Running time 110 minutes
Written by David Loughery and Howard Korder
Directed by Neil LaBute
Starring Patrick Wilson, Kerry Washington, Samuel L. Jackson
Neil LaBute’s Lakeview Terrace, from a screenplay by David Loughery and Howard Korder, based on the story by Mr. Loughery, explores our interracial malaise at a time when we are facing the ultimate test of our true feelings on the tangled issues involved. Not that Lakeview Terrace is predominantly concerned with how whites perceive blacks. For once, the shoe is on the other foot when a mixed-race couple, Patrick Wilson’s grocery-store-chain consultant, Chris Mattson, and his African-American wife, Kerry Washington’s Lisa, move into a secluded Southern California community right next door to Samuel Jackson’s widowed LAPD officer, Abel Turner, who has two small children. A stern disciplinarian by nature, Abel has taken it upon himself to maintain order in the community, ostensibly for the sake of his kids, already chafing under the pressures of his endless rules.
Chris and Lisa try to be friendly with Abel by inviting his family to their housewarming. But from the moment of the Mattsons arrival, he seems determined to drive them away, first by flashing searchlights into their pool and bedroom, and later with more damaging disruptions, which lead eventually and inevitably to an armed confrontation. Since we are dealing with tensions in an obviously integrated community, there seems at first no racial tinderbox to be ignited. Mr. LaBute and his collaborators insist in the program notes that there is no racial element in the ever impending violence, only the atavistic impulse to protect one’s turf, yet I would venture to say that they are being disingenuous. What is unexpected in the film is the hard time Chris gets not only from Abel, but also from Lisa’s African-American father, who is allied with Lisa in her zeal to have Chris start a family before he thinks they are financially and emotionally ready. Indeed, much of the time, Chris is made to feel terribly alone in a hostile environment.

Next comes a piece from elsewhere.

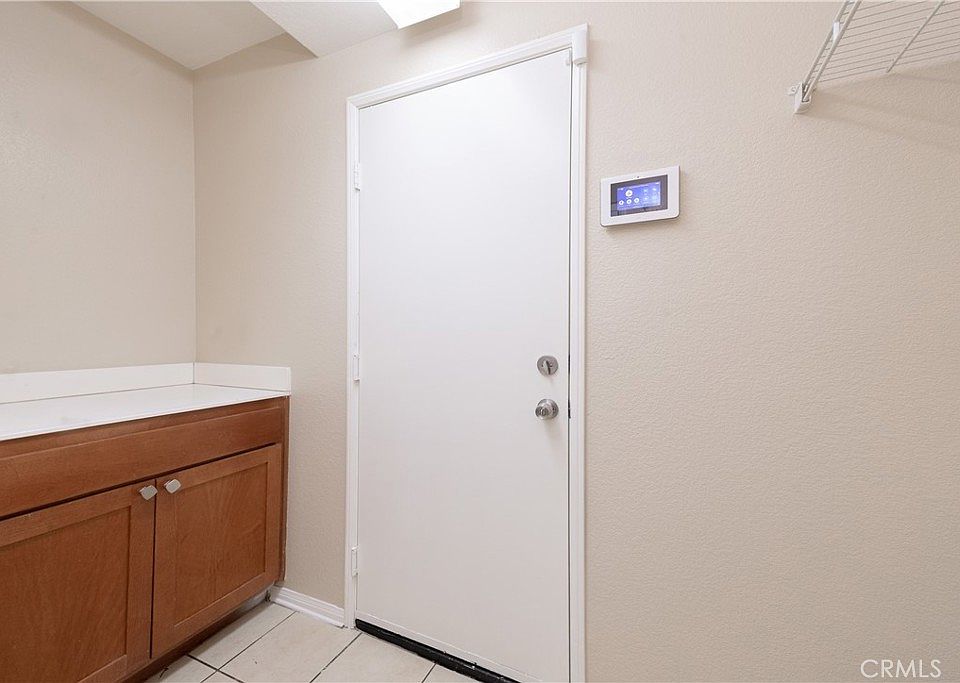 1st image of 5916 Wilshire Dr #5916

As it is, Mr. Jackson is a much more charming and personable performer than Mr. Wilson is ever allowed to be, even though Abel is clearly a calculatingly vicious and possibly insane vigilante type. This creates an imbalance in the narrative, because though our systematically shredded moral sense sides with Chris over Abel, our feelings gravitate to Abel by the larger amount of attention paid to his life as a cop outside Lakeview Terrace, where his behavior is impeccable and even heroic.

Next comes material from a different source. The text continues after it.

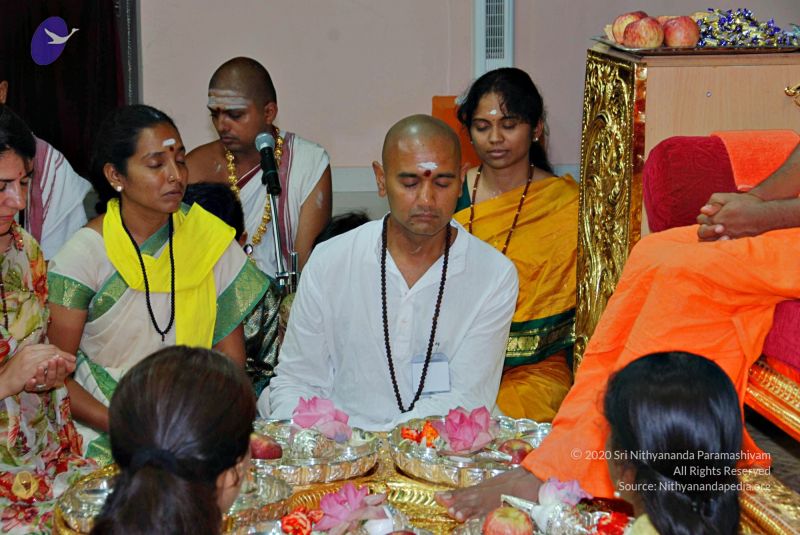 File:Batch 20100912 2802 CMP WM.jpg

Still, Mr. LaBute has fashioned a suspenseful film out of the peculiar vagaries of the casting, which makes us fear the worst at every turn of the plot. When, with things on the verge of total disaster, the final secret is revealed, we realize that we have been masterfully manipulated, ostensibly for our own good. In these too often guileless days, even a little trickery can go a long way.